At last, the Supreme Court of the United States can have its say on the protectability of the subjects of ‘pop art’. In 1984, Vanity Fair magazine received a licence from photographer Lynn Goldsmith to use her 1981 portrait of Prince, which she had shot on assignment for Newsweek. Fast forward to 2017, when Vanity Fair published a special issue to pay homage to the recently deceased musician that featured ‘Orange Prince’ – Andy Warhol’s pop art depiction of Goldsmith’s photograph. The question of whether Warhol’s Prince silkscreens may be considered fair use has now made its way up to the US Supreme Court, and on October 12th of this year, oral arguments were heard from both sides. This is the second part of a two-part instalment outlining the arguments that were made in the matter of Andy Warhol Foundation for the Arts v Goldsmith.

In determining fair use according to the statute, one of the primary points of contention involved the meaning behind the “purpose and character” of the alleged use. The Warhol Foundation contended that the purpose of ‘Orange Prince’ was to comment on modern society, thereby conveying unto the original an entirely different meaning and message. Lisa Blatt, representing Goldsmith, proposed that one may just as easily argue that the “purpose” of both uses was the commercial licensing of the works for publication. Blatt’s arguments were supported by Yaira Dubin, representing the Justice Department, who also highlighted the foundation’s commercial licensing of Warhol’s work, saying that “using another artist’s work as a starting point to turn around and compete directly with their original has never been considered fair.”

Of course, the magnitude of such a household name as Andy Warhol’s was not lost to the court. Justice Kagan questioned the influence such a name might have on the query: “Now we know who Andy Warhol was and what he was doing and what his works have been taken to mean. So it’s easy to say that there’s something importantly new in what he did with this image.” On the other hand, Justice Kagan also acknowledged that there must be a reason why Warhol’s art is hung up on the walls of museums: “[W]hy do museums show Andy Warhol? They show Andy Warhol because he was a transformative artist, because he took a bunch of photographs and he made them mean something completely different.” 

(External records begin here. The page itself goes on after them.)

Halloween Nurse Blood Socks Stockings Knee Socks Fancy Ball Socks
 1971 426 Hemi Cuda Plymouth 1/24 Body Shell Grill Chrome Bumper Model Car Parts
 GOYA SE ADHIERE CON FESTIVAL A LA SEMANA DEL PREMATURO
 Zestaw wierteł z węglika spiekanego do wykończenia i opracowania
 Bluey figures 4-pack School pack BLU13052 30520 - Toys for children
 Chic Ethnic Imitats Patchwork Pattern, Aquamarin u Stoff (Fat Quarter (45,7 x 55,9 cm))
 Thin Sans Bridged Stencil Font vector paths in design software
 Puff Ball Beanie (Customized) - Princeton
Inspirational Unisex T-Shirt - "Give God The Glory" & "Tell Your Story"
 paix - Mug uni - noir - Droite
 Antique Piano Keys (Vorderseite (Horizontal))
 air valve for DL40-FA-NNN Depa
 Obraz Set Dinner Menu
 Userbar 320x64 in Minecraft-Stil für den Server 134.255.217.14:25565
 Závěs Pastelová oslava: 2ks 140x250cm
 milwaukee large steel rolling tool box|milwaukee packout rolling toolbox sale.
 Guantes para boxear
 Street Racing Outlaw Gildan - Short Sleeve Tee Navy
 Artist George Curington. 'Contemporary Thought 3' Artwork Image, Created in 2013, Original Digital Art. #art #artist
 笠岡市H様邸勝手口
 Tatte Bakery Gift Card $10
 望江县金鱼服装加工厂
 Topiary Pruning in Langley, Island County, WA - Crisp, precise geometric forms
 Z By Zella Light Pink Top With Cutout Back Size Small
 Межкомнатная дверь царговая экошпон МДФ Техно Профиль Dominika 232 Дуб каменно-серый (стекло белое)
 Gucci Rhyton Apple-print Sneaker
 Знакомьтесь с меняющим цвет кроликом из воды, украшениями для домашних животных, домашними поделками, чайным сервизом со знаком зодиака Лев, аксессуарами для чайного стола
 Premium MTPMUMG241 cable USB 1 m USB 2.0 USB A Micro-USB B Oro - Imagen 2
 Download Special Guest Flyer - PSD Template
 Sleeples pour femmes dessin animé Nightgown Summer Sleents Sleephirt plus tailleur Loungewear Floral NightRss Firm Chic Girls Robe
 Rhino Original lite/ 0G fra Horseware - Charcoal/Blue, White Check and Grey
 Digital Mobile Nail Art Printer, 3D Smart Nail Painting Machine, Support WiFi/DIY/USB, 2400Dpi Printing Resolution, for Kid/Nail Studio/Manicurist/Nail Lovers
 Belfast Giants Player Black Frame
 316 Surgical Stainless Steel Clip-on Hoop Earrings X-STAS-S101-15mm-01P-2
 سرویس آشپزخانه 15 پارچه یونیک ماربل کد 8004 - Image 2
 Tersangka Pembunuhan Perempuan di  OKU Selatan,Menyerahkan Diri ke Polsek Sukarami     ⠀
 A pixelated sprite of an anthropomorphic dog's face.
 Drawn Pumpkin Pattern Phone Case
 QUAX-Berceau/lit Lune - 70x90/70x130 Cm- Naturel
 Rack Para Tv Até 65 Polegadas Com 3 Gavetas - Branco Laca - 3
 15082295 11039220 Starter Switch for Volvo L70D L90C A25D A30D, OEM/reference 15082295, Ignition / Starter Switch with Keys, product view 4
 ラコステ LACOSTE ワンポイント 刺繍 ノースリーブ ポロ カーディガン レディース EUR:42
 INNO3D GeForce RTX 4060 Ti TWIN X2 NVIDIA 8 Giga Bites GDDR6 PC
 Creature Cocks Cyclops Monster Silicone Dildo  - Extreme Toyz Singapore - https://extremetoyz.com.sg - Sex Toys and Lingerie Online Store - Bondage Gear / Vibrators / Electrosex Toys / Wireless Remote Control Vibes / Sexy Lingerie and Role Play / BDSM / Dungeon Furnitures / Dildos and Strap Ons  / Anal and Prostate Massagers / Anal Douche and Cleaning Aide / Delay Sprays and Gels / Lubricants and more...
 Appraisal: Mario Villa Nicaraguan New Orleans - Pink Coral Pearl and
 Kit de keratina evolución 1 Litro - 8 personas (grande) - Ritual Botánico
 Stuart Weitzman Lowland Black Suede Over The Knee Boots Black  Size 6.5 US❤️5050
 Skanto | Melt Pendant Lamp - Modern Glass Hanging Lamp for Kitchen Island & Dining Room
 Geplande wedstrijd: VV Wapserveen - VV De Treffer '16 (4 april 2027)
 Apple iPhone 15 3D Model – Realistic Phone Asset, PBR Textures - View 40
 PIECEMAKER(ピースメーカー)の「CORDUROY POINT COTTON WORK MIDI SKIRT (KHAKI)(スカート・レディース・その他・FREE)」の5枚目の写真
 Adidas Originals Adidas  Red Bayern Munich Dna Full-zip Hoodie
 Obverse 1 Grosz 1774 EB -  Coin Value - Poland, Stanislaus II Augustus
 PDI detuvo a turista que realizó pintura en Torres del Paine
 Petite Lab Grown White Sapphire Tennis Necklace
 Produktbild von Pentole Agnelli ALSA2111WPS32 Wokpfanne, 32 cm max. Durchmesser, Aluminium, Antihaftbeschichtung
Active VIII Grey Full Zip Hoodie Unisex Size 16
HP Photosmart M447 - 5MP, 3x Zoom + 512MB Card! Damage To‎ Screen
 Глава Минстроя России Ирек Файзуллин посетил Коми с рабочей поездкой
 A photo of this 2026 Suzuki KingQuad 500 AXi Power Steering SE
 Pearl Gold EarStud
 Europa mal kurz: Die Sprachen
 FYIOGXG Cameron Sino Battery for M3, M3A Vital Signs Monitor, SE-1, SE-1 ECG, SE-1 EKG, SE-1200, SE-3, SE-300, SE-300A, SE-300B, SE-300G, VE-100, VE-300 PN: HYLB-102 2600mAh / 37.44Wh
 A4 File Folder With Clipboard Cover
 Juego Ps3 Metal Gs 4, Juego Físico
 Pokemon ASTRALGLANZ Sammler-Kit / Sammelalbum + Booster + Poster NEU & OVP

The Supreme Court judges addressed a statement made by the US Court of Appeals for the 2nd Circuit, which ruled in favour of Goldsmith. The Court of Appeals had warned that judges “should not assume the role of art critic and seek to ascertain the intent behind or meaning of the works at issue.” Justice Alito, in particular, seemed to disagree with the statement, pondering the kind of perspective that would be appropriate in determining such distinctions: “Well, suppose that [somebody]...made an almost exact copy [of the Mona Lisa]…If you showed [the two works] to most people today, they would say, well, all right, brown dress, blue dress, red dress, doesn’t make any difference, right?...But, if you called somebody who knows something about Renaissance art, the person would say that makes a big difference.”

The commentary strikes at the ambiguity often found in determining cases involving intellectual property, if only because there is an inherently subjective element to construing creations of the mind. However, though patent law has the “person of ordinary skill in the art” standard and trademark law has the “ordinary casual consumer somewhat in a hurry” standard, copyright law often relies on a judge’s evaluation of whether infringement has occurred.

There is much to be anticipated from the Supreme Court’s final decision, the kind of effect such a decision might have on the world of art and photography, as well as whether a ruling in favour of the foundation would indeed “decimate the art of photography by destroying the incentive to create the art in the first place,” as Blatt argues.